Don’t do this more frequently than every five minutes.
var Timer snapshotTimer = null
rule "snapshots"
when
Item gate changed to OPEN
then
camera.sendCommand("positioning")
// we need to wait 3 secs for that
if (snapshotTimer === null) { // don't do it if timer already exists
snapshotTimer = createTimer( now.plusSeconds(3) , [ |
sendTelegramPhoto( blah blah )
// now make an anonymous timer to unblock
createTimer( now.plusMinutes(5) , [ |
snapshotTimer = null
] )
// the snapshotTimer has finished but will stay non-null for 5 minutes
] )
} else {
logInfo("test", "Gate opened but telegram blocked")
}
end
But thats another rule running. Too many small rules will consume all rule threads.
And what will happen if camera will not respond in 3s in that case? Will it bo or not the same effect as before?
But small rules don’t keep hold of the thread for very long. That little example finishes in a couple of milliseconds. The same work gets done in the end. The point is that you can’t break the timer by setting it to to null in some other rule, because the timer takes care of that by itself.
Well, that’s why I’m asking for your requirement. Is there any way for the camera to tell openHAB to that it’s ready? That would be great; instead of a timer we can trigger a telegram-sending rule from camera-move-complete event.
Timer can be canceled ONLY when it’s in scheduled state? When it was already executed, lines of code inside him won’t stop running.
When (in my example) code from switch/case #2 clausule (“case 2 :”) is still running (truing to get/send image from camera - connection lost, waiting for timeout), canceling timer will do nothing?
If I will add additional veryfication like “if( !== null) { reschedule…” before reshedule I should avoid this exception…?
In the background is still consuming a thread. You can either use a Rules thread, of which by default there is 5, it a timer thread which by default there are two.
Many small fast running rules as far far better than fewer long running rules.

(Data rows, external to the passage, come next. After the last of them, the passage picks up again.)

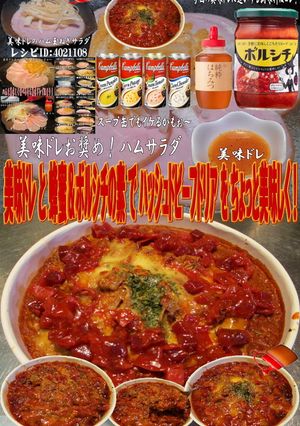 美味ドレと蜂蜜ボルシチでハッシュドビーフ-レシピのメイン写真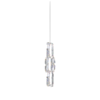 Миниатюра фото подвесной светильник delight collection md25001017-1a chrome | 220svet.ru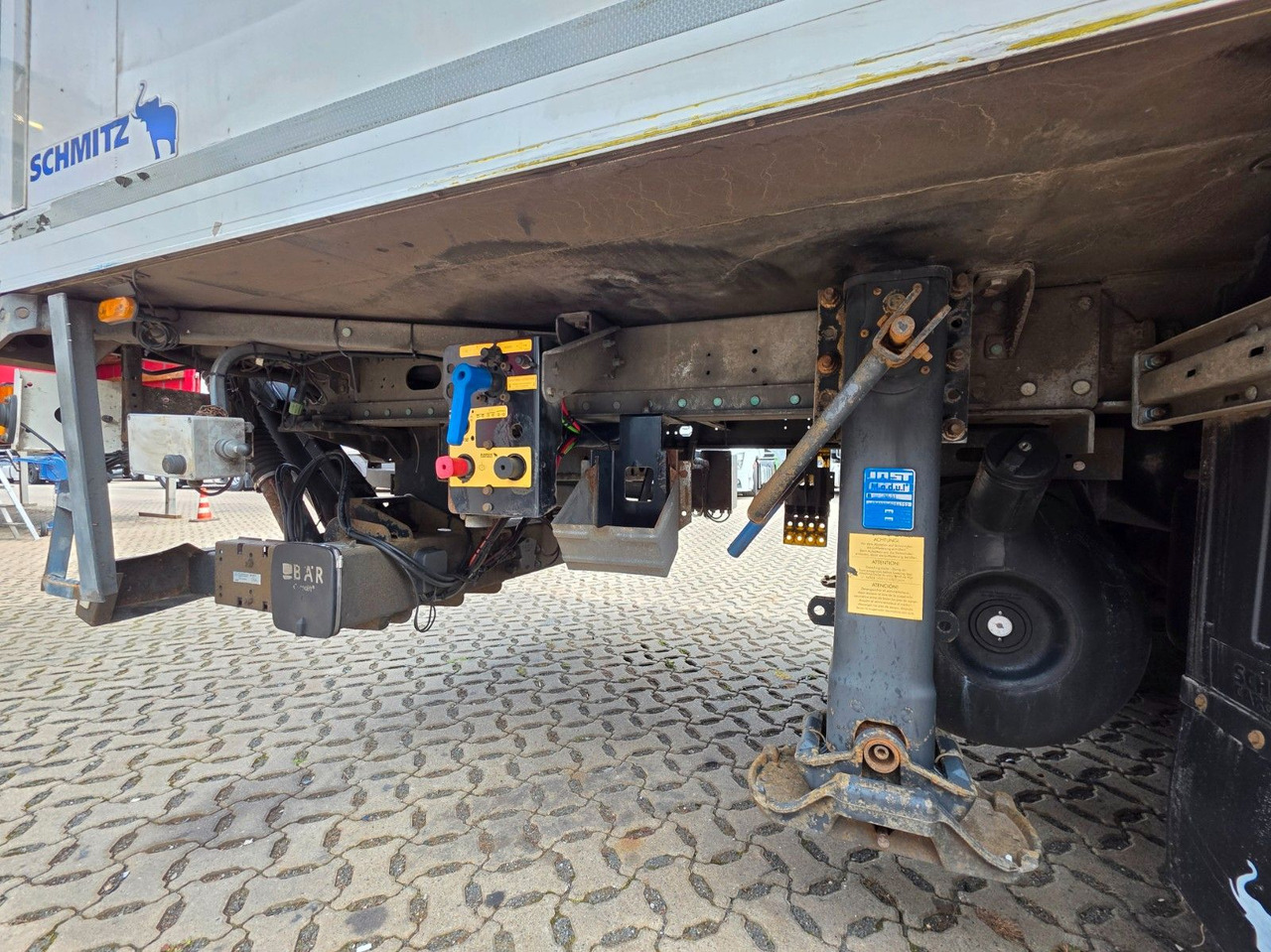 Прицеп-рефрижератор Schmitz Cargobull ZKO18/L 7.25 FP45 COOL / Tandem: фото 14 Прицеп-рефрижератор Schmitz Cargobull ZKO18/L 7.25 FP45 COOL / Tandem: фото 14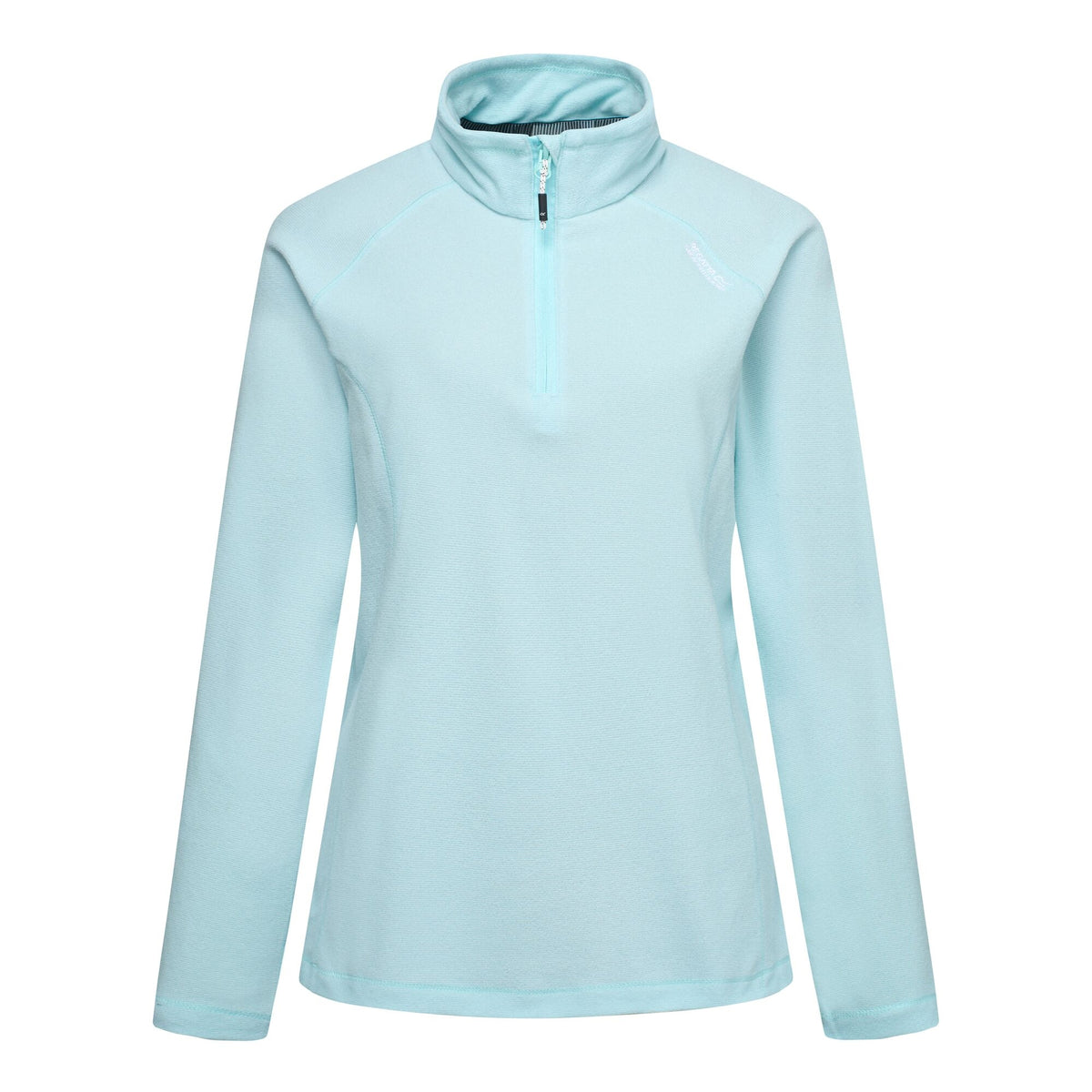 Water Ballet - Front - Regatta Great Outdoors Womens-Ladies Montes Half Zip Fleece Top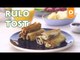 Meyve Suyu ile Renklenmiş Rulo Tost Tarifi - Onedio Yemek- Kahvaltı Tarifleri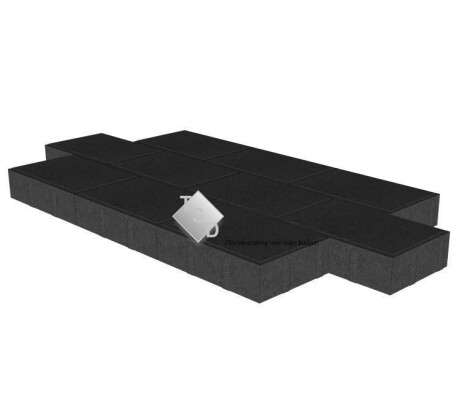 MBI GeoKlinker Plus Milano 30x20x8 cm Productfoto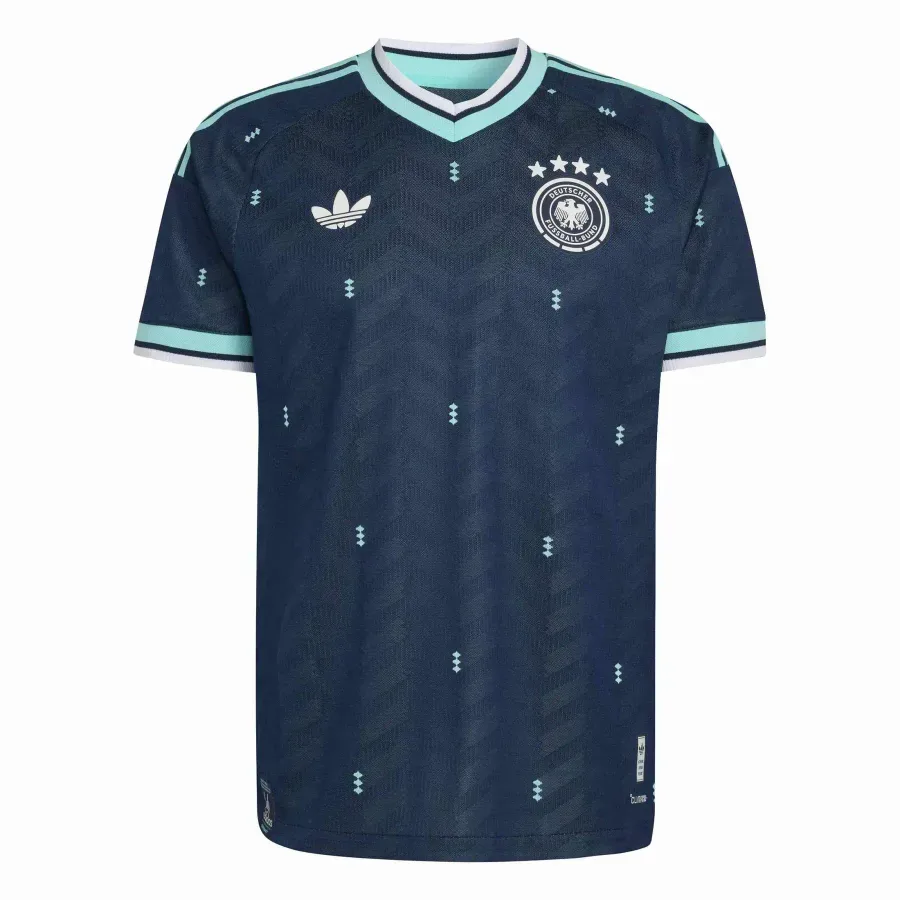 Maillot Extérieur Authentique Allemagne 2026-2027 — Bleu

I completely agree with rossko57. It would be far better for you to break this huge complicated rule into several smaller rules. These will be easier to understand, take less time to run (which is the key factor for avoiding running it if threads) and be easier to find errors.
I’ll also recommend again that switching to Expire binding fort Timers may help make the rules simpler and less error prone as well.

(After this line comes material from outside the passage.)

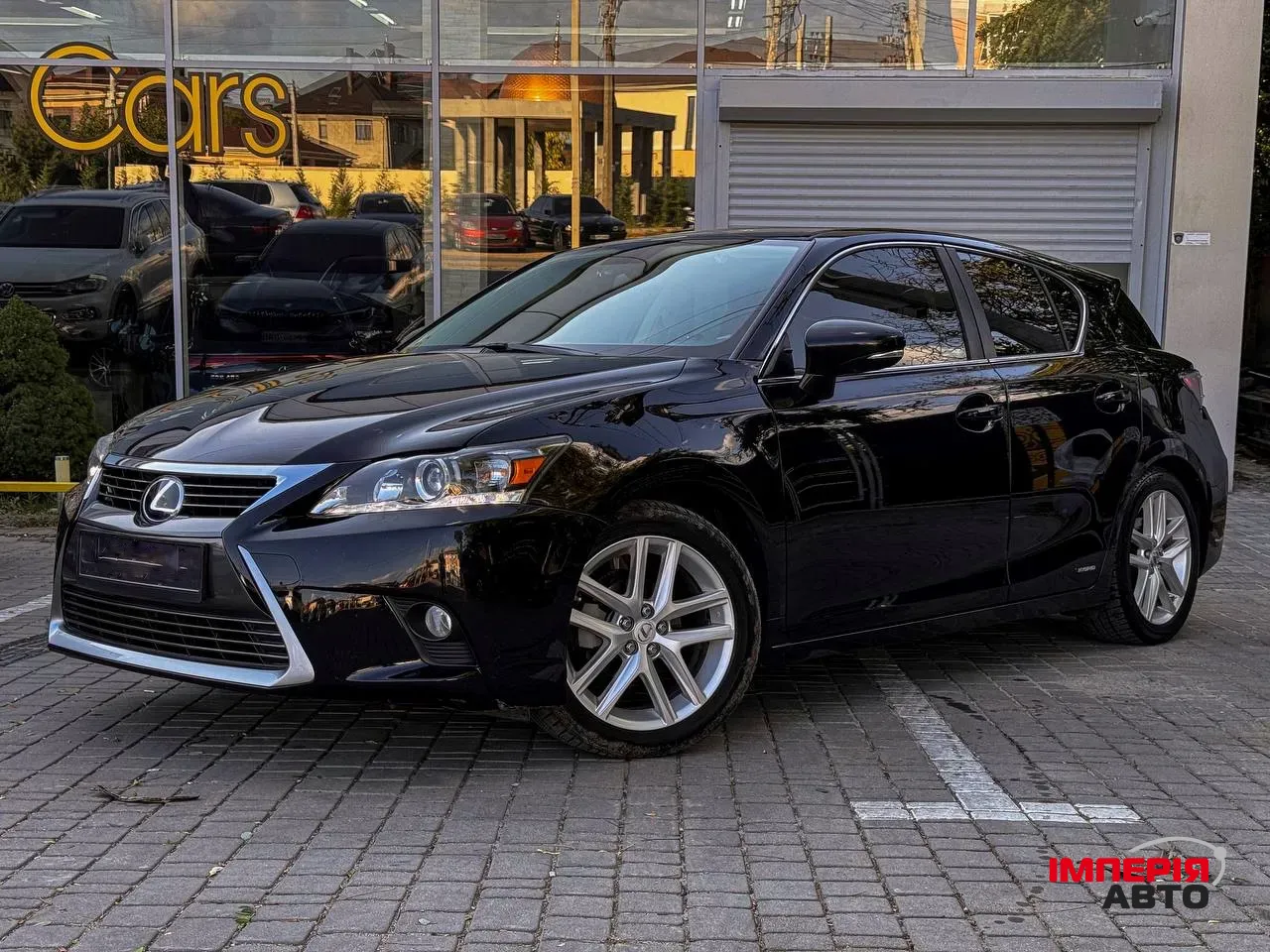 Lexus CT - фото 3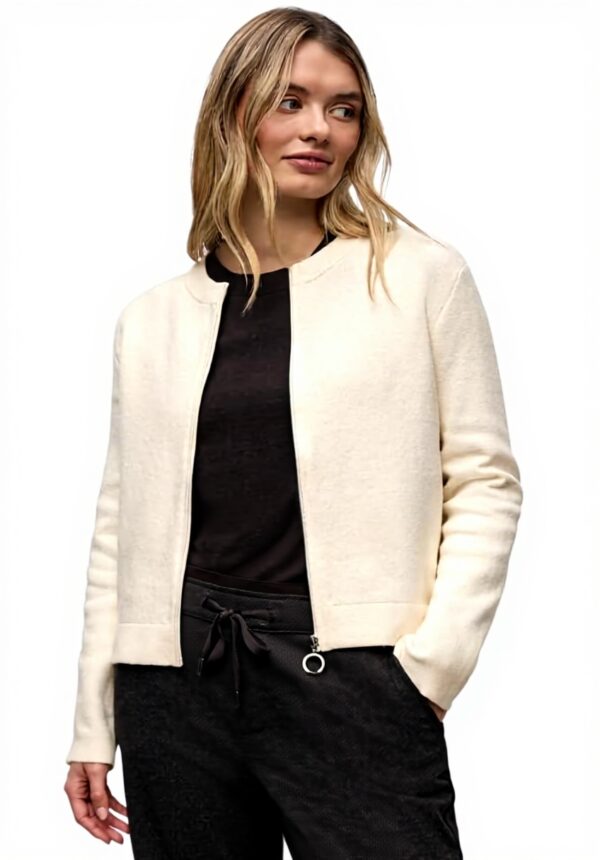 Street One Strickjacke Damen kuschelig Blouson Cardigan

Ultimately, if you can convert this long and complicated set of rules into a series of simpler and faster running rules you will be far better off.
I’ll consider rewriting all to smaller Rules, but I have limited options, that all task included should run i propper sequence.
Afterr that I added aditional check that handle is not null just before each reschedule, problem dissapeared.
Once again… Thanks guys. It’s good to have such great support.
PS Enybody have knowledge how and where to trim threads setting? I mainly mean: org.eclipse.smarthome.threadpool:safeCall and org.eclipse.smarthome.threadpool:ruleEngine. Is it even possible in OH 2.4 (i read somewhere that there is some problem with lower uppercase variable name of Rules Threads, it looks like settings doesn’t take affect os system (changing rules threads = still max 5 threads running))?
Yes, of course.
But there is more than one way to do most tasks.
openHAB is event driven, the most “natural” way to do sequences is to kick off task A. When something responds “task A complete”, then you can trigger task B from that.
That’s not always possible, and you can turn to timers and delays as second-choice methods.
Enybody have knowledge how and where to trim threads setting? I mainly mean: org.eclipse.smarthome.threadpool:safeCall and org.eclipse.smarthome.threadpool:ruleEngine. Is it even possible in OH 2.4 (i read somewhere that there is some problem with lower uppercase variable name of Rules Threads, it looks like settings doesn’t take affect os system (changing rules threads = still max 5 threads running))?